Return exactly the lines from the "several juicy shrimp" line through the last line of the entries below. Include no pictures.

Data for this exercise.
● ● ● ● ● ● ●
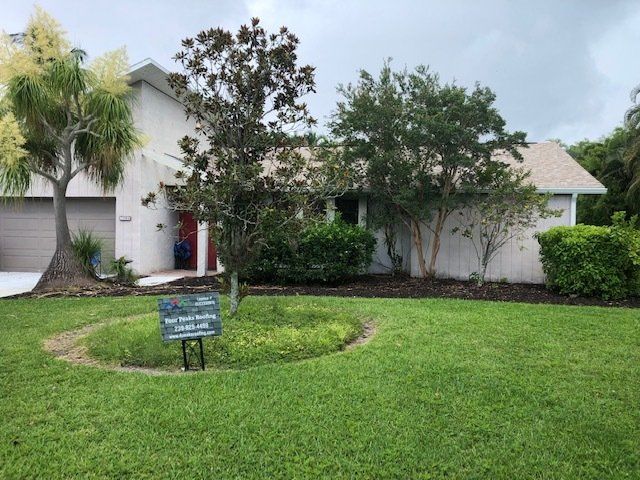 A house for sale in Cape Coral with a newly installed roof by Four Peaks Roofing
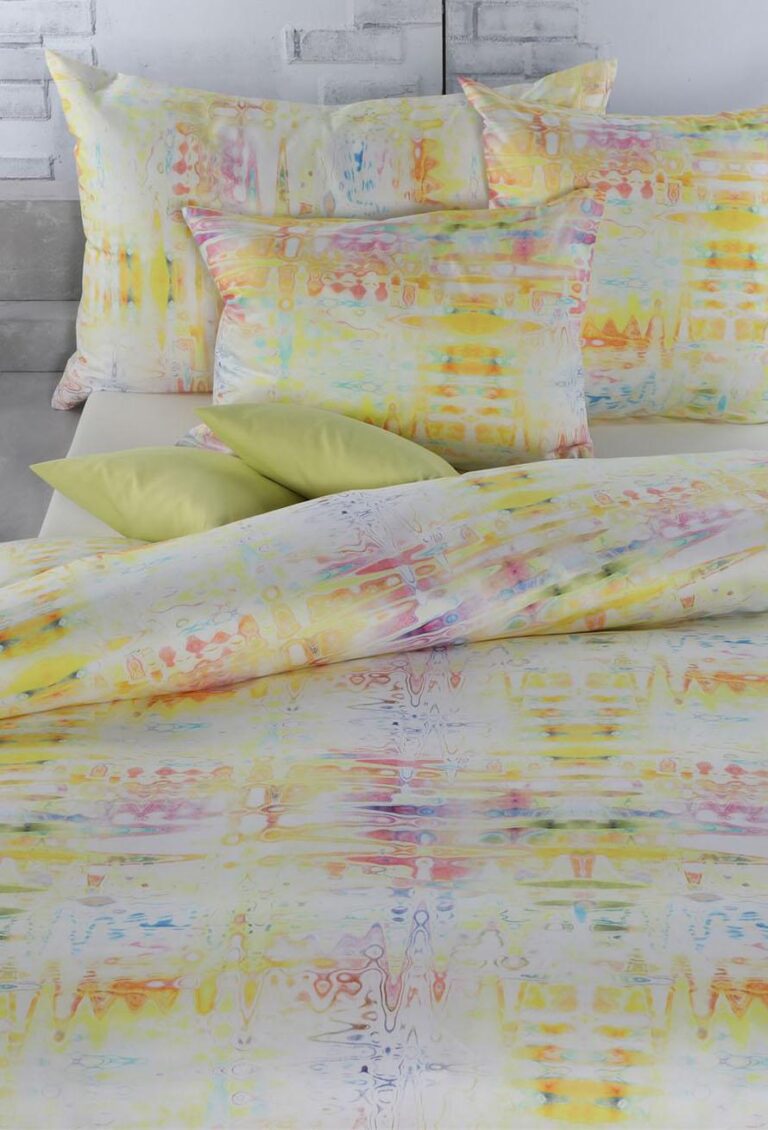 Ein Bett mit der Bettwäsche Tamara-R Selection Daisy, einer leuchtenden Bettdecke mit gelben, orangefarbenen, rosa und blauen Akzenten, steht vor einer weißen Backsteinwand und wird durch zwei hellgrüne Akzentkissen ergänzt.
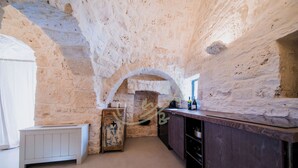 A kitchen with stone walls, a wooden counter, and a rustic cabinet. - TD Trullo Lumina Boutique Luxury Trulli with Pool (Ostuni)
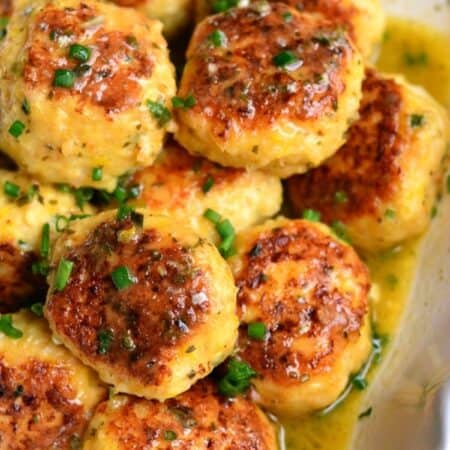 several juicy shrimp meatballs and flavorful scampi sauce in a serving bowl.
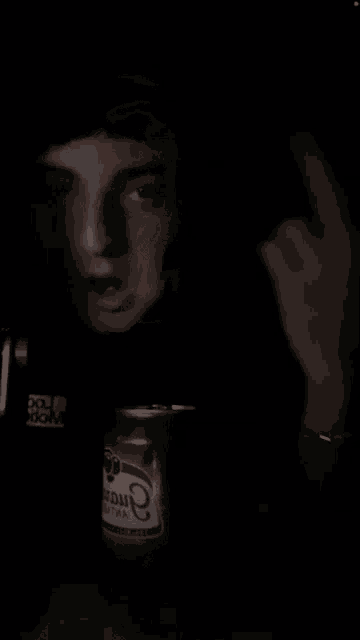 a man in a black shirt holds a can of aruda beer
● ● ● ● ● ● ●
Task solution.
 several juicy shrimp meatballs and flavorful scampi sauce in a serving bowl.
 a man in a black shirt holds a can of aruda beer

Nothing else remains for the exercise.